The rights of countries to assert and defend their taxing rights when it comes to the ownership and use of (for example) intellectual property is an area laden with increasing controversy, an issue that was recently highlighted by Michael Crocker, tax leader for Chartered Accountants Australia and New Zealand. In a recent interview with the Australian Financial Review, Mr Croker noted that
“intangibles were the key battleground in transfer pricing… as IP is highly mobile and locating it in low tax jurisdictions has long been a strategy for multinational companies.”
Interestingly, the favoured locations for the holding of IP assets within a multinational group are Ireland, Switzerland and Singapore, all jurisdictions covered by the new DPT.
It is safe to assume that if Australia imposes a DPT on a multinational, it will be to the detriment of another tax jurisdiction (such as Ireland). It is also safe to assume that the disadvantaged tax jurisdictions will eventually seek to protect their revenue base from potential tax erosion associated with the use of DPT legislation, by introducing their own protective legislation. The result being a global race to introduce the most aggressive, protectionist transfer pricing legislation, in order to protect each country’s revenue base.

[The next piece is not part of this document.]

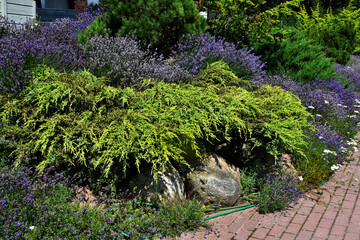 Large flower bed with blooming lavender in a countryside village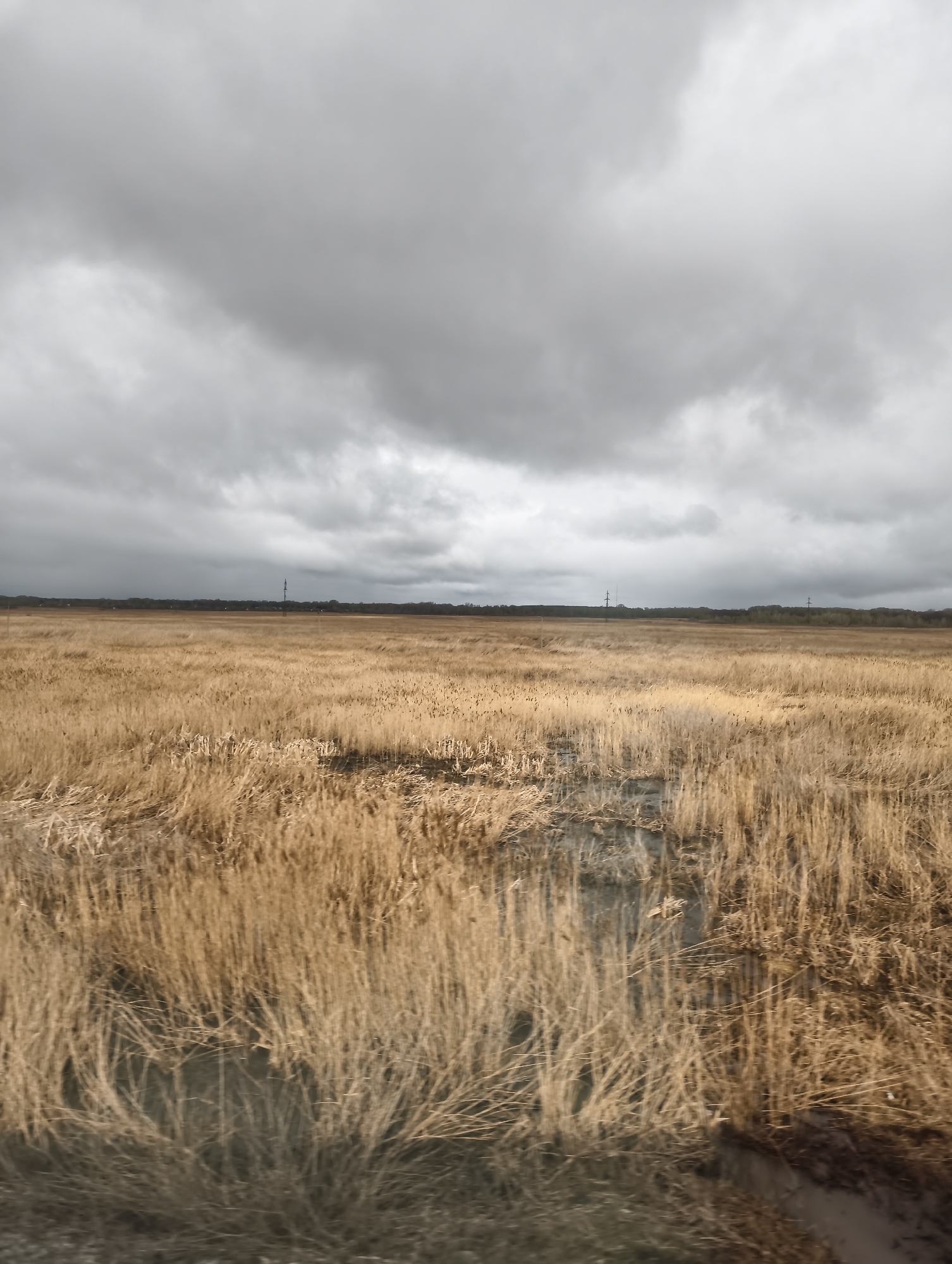 The image presents a broad, expansive field under a heavily overcast sky. The foreground and midground are covered by a vast stretch of dried, golden-brown grass or reeds, which shows signs of being windswept. Interspersed within the field are darker patches, possibly indicating wet ground, mud, or shallow standing water.
In the distance, a dense, dark line of trees forms the horizon, subtly separating the field from the sky. Against this distant tree line, several tall, slender structures, resembling electrical transmission towers or communication masts, are faintly visible.
The sky is filled with thick, dark grey clouds, suggesting a gloomy or pre-storm atmosphere. The lighting is diffused, indicating daytime, but lacking direct sunlight. There are no people, animals, or specific activities depicted. The scene conveys a sense of vastness, desolation, and natural quietude. No discernible text is visible within the image.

Australia is unambiguously leading this race with the DPT legislation only adding to Australia’s armour to combat multinational profit shifting – Australia has the Multinational Anti-Avoidance Law, the reconstruction provisions of the Australian transfer pricing legislation, the country-by-country reporting requirements, Part IVA as well as now the DPT.

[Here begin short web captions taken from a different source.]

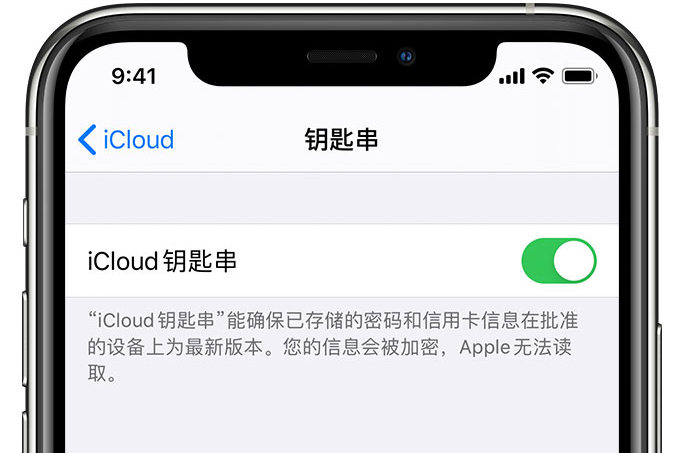 延边朝鲜族苹果手机维修分享在 iPhone 上开启 iCloud 钥匙串之后会储存哪些信息 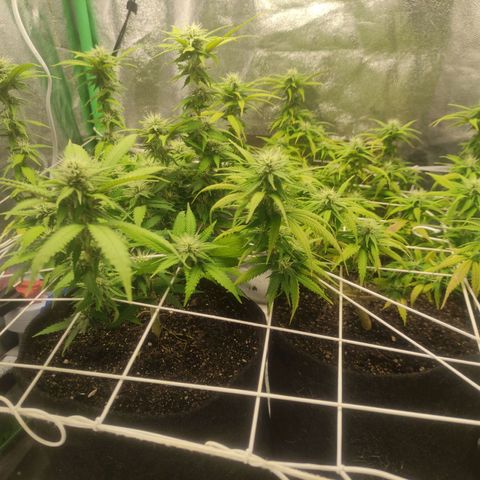 OBG Kush Clone growlog timeline photo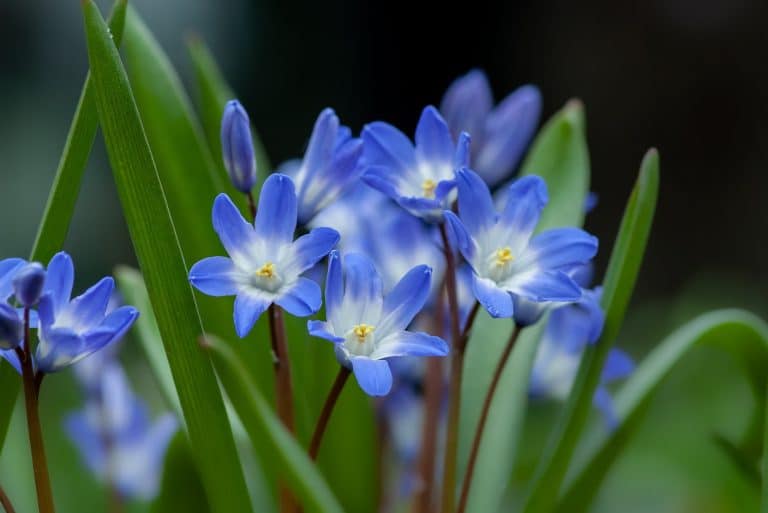 Why Crocus Interiors?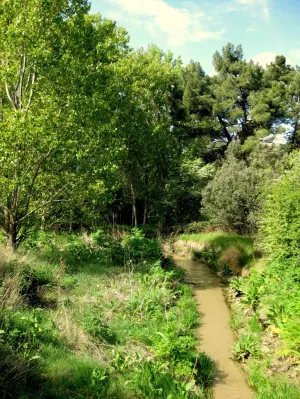 FINCA DE RECREO EN SEGOVIA - 1302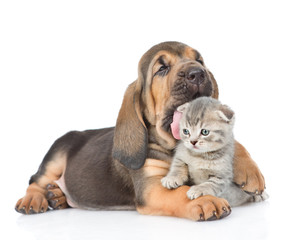 Bloodhound puppy bites the kitten. isolated on white background - obrazy, fototapety, plakaty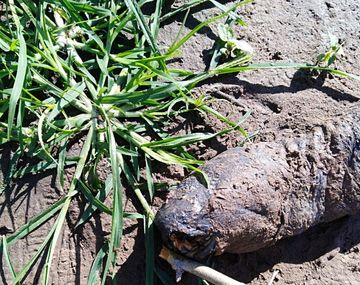 Conmoción por el hallazgo de un extraño animal en una plantación de arroz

While the potential imposition of a DPT will, by itself, create increased complexity in how multinationals deal with the transfer and use of intellectual property within their group, the Federal Government’s recent introduction of the ‘Combating Multinational Tax Avoidance Bill 2017’ (‘the Bill’) will only add to that complexity.
... is it now too hard for multinationals to do business with Australia and are we driving future international investment away for the sake of current tax dollars?

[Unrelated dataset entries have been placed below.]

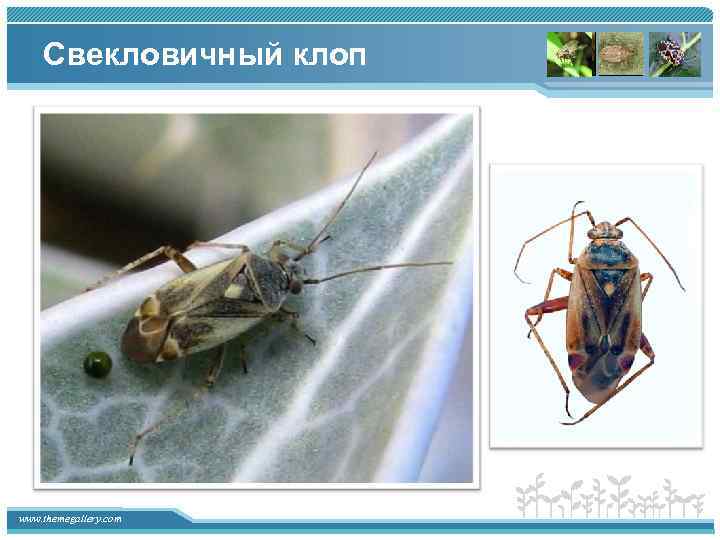 Свекловичный клоп www. themegallery. com 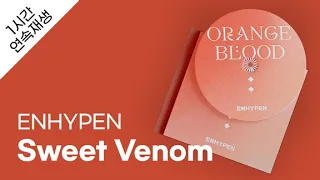 ENHYPEN - Sweet Venom 1시간 연속 재생 / 가사 / Lyrics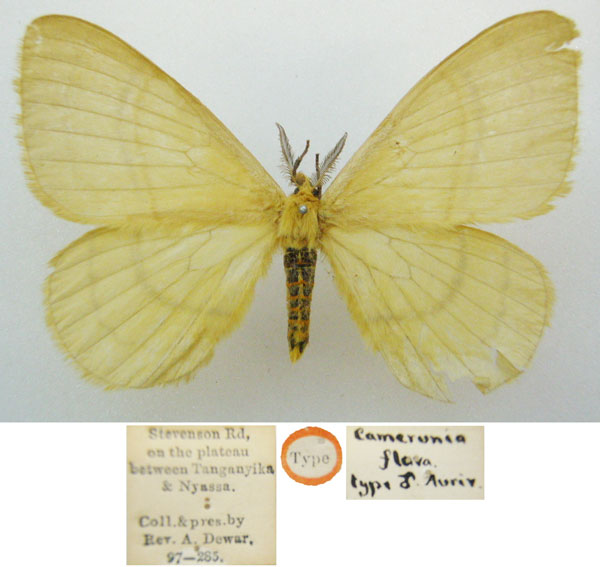 /filer/webapps/moths/media/images/F/flava_Camerunia_ST_BMNHa.jpg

As part of the Bill, the Federal Government is seeking to amend Australia’s current transfer pricing laws in order to adopt and give effect to the OECD’s 2015 transfer pricing recommendations. Within these recommendations is the OECD’s guidance material on how intellectual property and ‘hard to value’ intangibles should be valued (from a transfer pricing perspective), which includes a significant about-face in the use of the comparable uncontrolled price (CUP) methodology as a technique to price the use of IP within multinational groups.
The introduction of the DPT, coupled with Australia’s arsenal of legislation against multinational profit shifting, is likely to lead to widespread restructuring of the way most multinational groups hold and exploit their IP as it relates to their Australian operations.
Some of these efforts are likely to cause other tax related consequences (such as CGT issues, etc), which in turn are likely to affect the economic returns associated with doing business with Australia.
With the Government adopting such an aggressive tax regime when it comes to how multinational groups engage with Australia, the question has to be asked – is it now too hard for multinationals to do business with Australia and are we driving future international investment away for the sake of current tax dollars?
While the answer to this question is unclear at the moment, Australia’s economic growth trends over the next few years will no doubt provide clarity.